When I call his attention, "MARCO", he responds with an equally loud and demanding, "MAMA".  This is unacceptable.  He also swats at me, as if threatening to hit me.  Again, unacceptable.  I feel like spanking him for hitting is counter productive and honestly, it doesn't even faze him.  Because of my arthritis, I can't hit him hard enough to make any kind of an impact.  He doesn't care at all.  And speaking as honestly as possible, when he hits me, I want to go nuts on him... I hold myself back, obviously.

Yesterday we had lunch with a friend who also has 2 boys the exact same ages as Marco and Jonas.  Her 2 year old was seated calmly in a booster chair, eating with a fork and drinking from a regular cup.  Marco... not so much.  He threw his plate... twice.  He threw his cup once.  He hit at me.  He peed in his chair (I'm convinced on purpose).  I ended up having to put him in a high chair to restrain him.  He was acting like an animal.  I was so embarrassed and I honestly didn't know how to handle the situation.  I told him nicely to calm down.  I told him harshly.  I grabbed his face.  I pinched him.  I spanked him.  NOTHING WORKED!

My fear is that he's gonna continue to defy me and disregard my authority and I'm gonna have to call Nanny 911!  haha.  No, but seriously... we're going through a really rough patch here.  I'm beginning to feel worn down, dealing with this 24/7.  My dad says we need to be super consistant... and I agree.  I remember from my teaching days, that consistency was key.  But jeez, is it exhausting!  Sometimes I wanna lay on the couch and put up my white flag... I SURRENDER, do whatever you want.  But I know I have to win these daily battles now or else deal with the consequences later.

Teach me how you "bring down the hammer" in your home?  And, if you don't have advice for me... then just pray!  haha... for real.


3 comments:

Beth said...

What's his currency?

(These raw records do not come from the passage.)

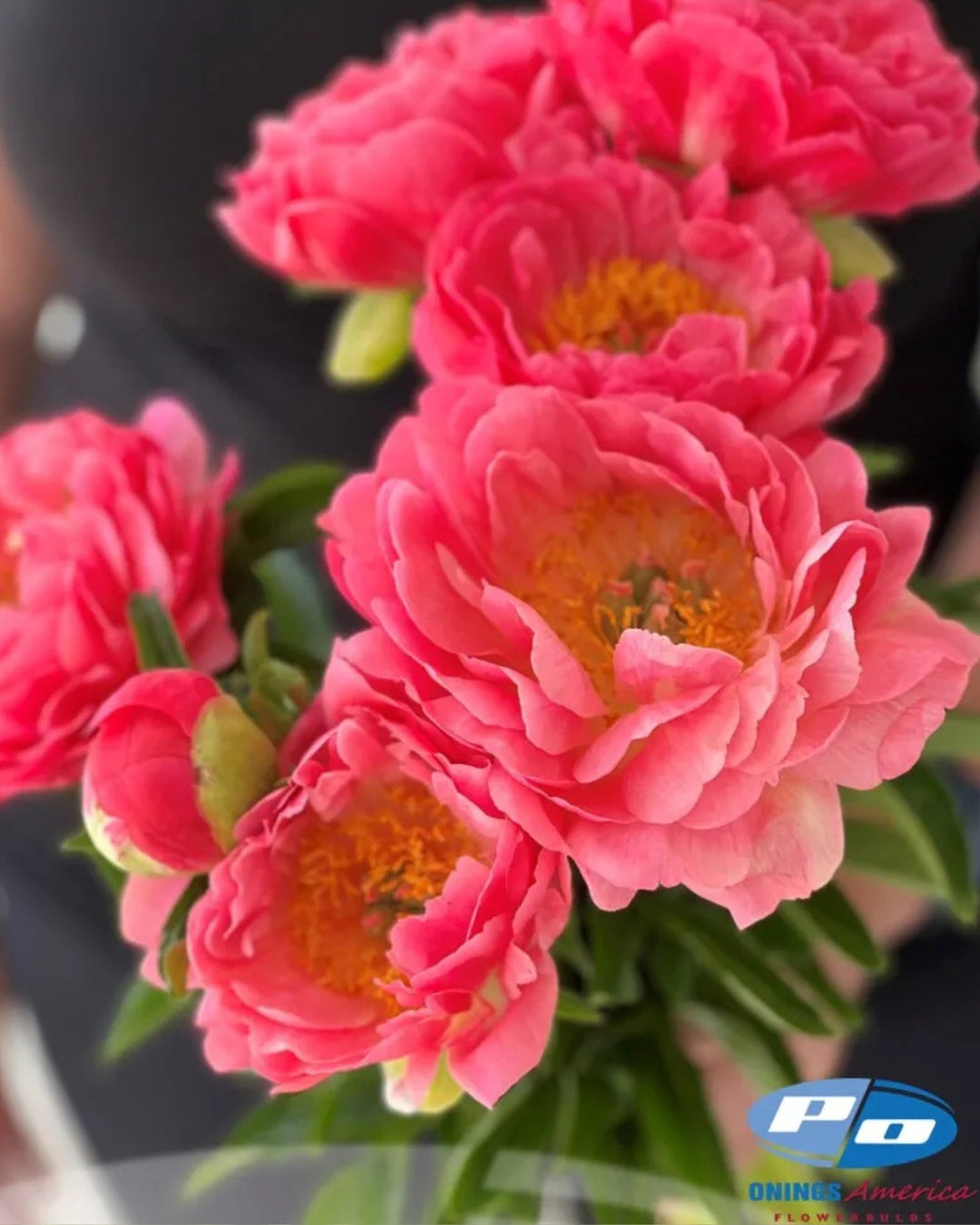 Peony 'Coral Sunset' (3-5 eye)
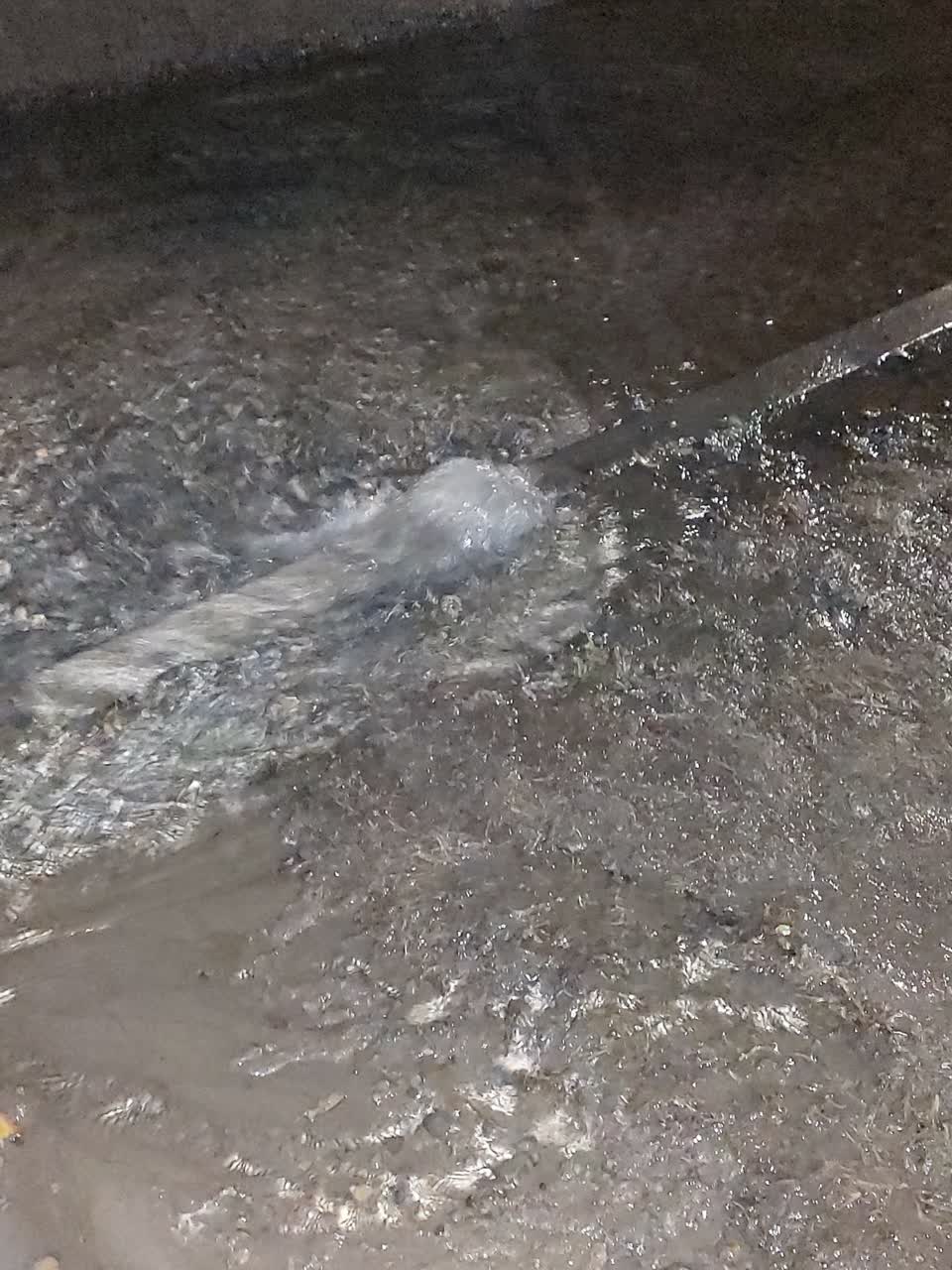 The photograph attached to this water leak report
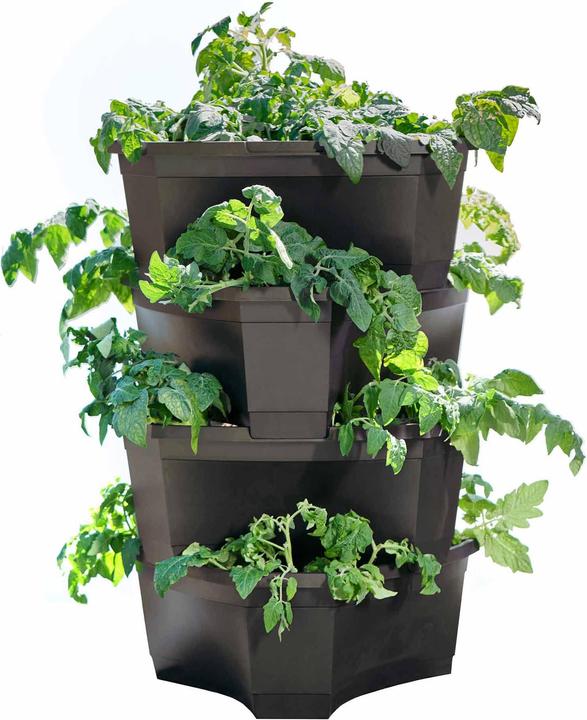 Image du produit Romberg Tour de plantation et de pommes de terre avec fonction anti-goutte - Pyramide de plantation de 54L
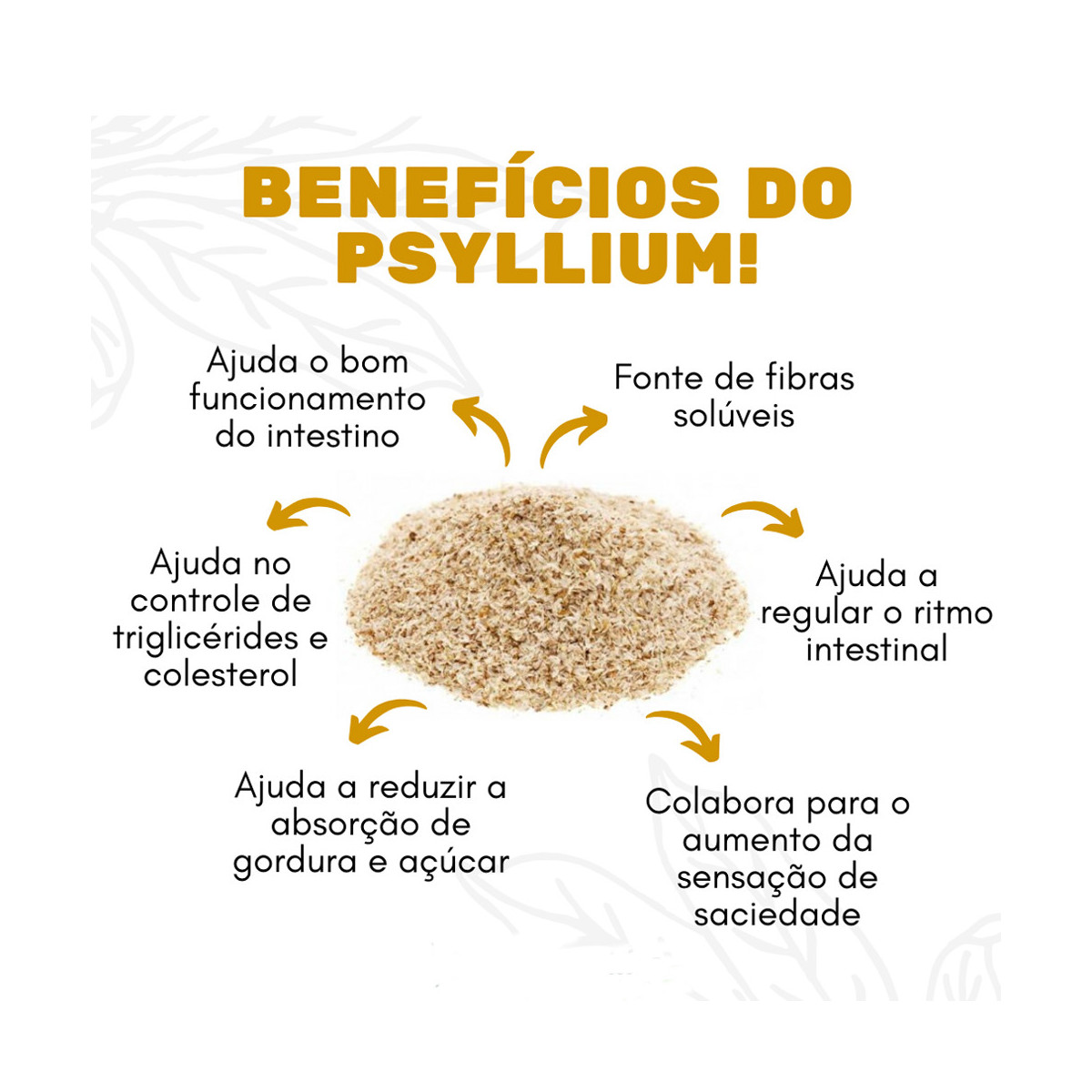 Guia Completo: Dosagem e Horário Ideal para Tomar Psyllium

What is the thing he cannot do without? TV? Coloring? Snacks? Find out what it is and use that as a way to keep him under control. When he is about to or does something unacceptable, say, I'm going to take away_____ if you keep it up. Then do it.

With Bohdan it was being put in his room. With Stas, it's no TV.

Good luck!

Allie said...

Consistency is what I am working on too! These little boogers are TOUGH! And it is so hard to handle them in public, you just want to scream! AHHHHH! My oldest is 2 going on 22...I swear! His little attitude gets me fired up! It will pass though, I am sure of it! I just walk away sometimes and take a deep breathe, I think when you let up and skip discipline is where kids become in control of their parents, which I refuse to let happen! haha! I will pray!!:) Pray for me too!! :) Also fill me in on this moby wrap...I might get one for baby #3, I tried a sling with my first and it was a flop but I hear about these wraps all the time...fill me in~:)

Unpolished Parenting said...

Beaner's favorite word is NO! It's no to everything, even when she means yes. Gets very confusing and frustrating.

A couple of tips: The first one I've just started to try and seems to have an overall good result. Instead of saying no, don't or stop when he is doing something he shouldn't be like climbing on the tv stand, ask him to hand you a book or where his favorite toy is. I know its just redirection, but I catch myself saying No or don't do that a lot to her, so I think she's just saying it back to me.

We also have a time out spot. She gets one warning and then will be placed in time out for 1 minute, or until she calms down. Then we go over say why she was put in time out, tell her we love her and give hugs and kisses.

Another thing I'm trying when she gets really whiney, like ball is under the table and she can reach it but acts like she can't, I ask her "Well what should we do about it?" And give her encouragement to take care of it herself and tell her if she needs help, she can ask me for it.

Sorry for such a long comment. I know what you are going through and it is hard to deal with for sure! Big hugs and support!!